Je pensais que tout le monde m’aimerait enfin si je devenais chanteuse à succès – et c’est exactement l’inverse qui est arrivé. J’espérais que ça serait la solution à mes problèmes de confiance, ça les a juste aggravés.
Ton côté control-freak, impliquée dans chaque décision, c’est une façon de ne pas gamberger ?
Je ne peux pas me permettre de négliger le moindre aspect du disque, de bâcler quoi que ce soit, de déléguer la moindre décision. Je suis totalement impliquée, dans chaque étape. J’espère qu’enfin, avec ce second album, on se rendra compte de mon rôle sur mes propres disques. J’en ai assez d’être considérée comme une potiche, de ne pas être reconnue musicalement.
Du coup, ton nouvel album semble moins conditionné par la colère.

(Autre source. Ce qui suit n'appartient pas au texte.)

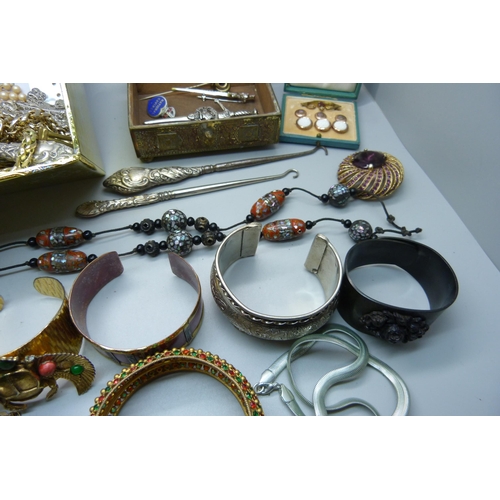 908 - A box of costume jewellery, watches, etc.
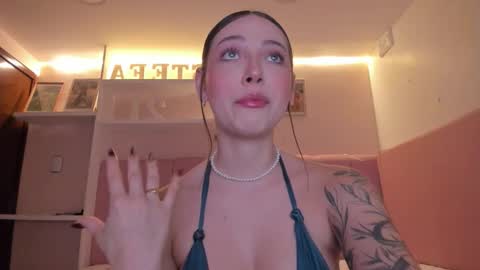 Stefa Gomez  online show from 09-18-25, 10:06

La moitié de l’album a été enregistrée en une semaine, nous n’avons même pas eu le temps de discuter d’une direction, d’un plan : tout coulait de source. Nous étions juste tous les deux, Greg Kurstin (Flaming Lips, Ladyhawke, Beck, etc. – ndlr) et moi. J’avais commencé à croire ce qu’on disait de moi – que j’étais nulle – et là, soudain, ça a été un énorme soulagement : tout paraissait si fluide, si naturel. Je n’enregistrais que lorsque j’étais inspirée, je ne voulais pas me forcer, jouer contre ma nature. Je me suis beaucoup plus impliquée sur la musique, j’étais sans arrêt sur le dos de Greg – je lui parlais avec mes mots à moi : “Je voudrais un rythme à la Blue Monday de New Order”… J’étais si émue quand ce type, qui compose depuis plus de vingt ans, prenait en compte mes idées et que ça fonctionnait.
Envisages-tu une vie après la musique ?
Je pourrais mentir, dire que je pense à une carrière d’actrice, à écrire un livre. Mais la vérité, c’est que je n’ai qu’une ambition, qu’une idée fixe : me marier et avoir des enfants.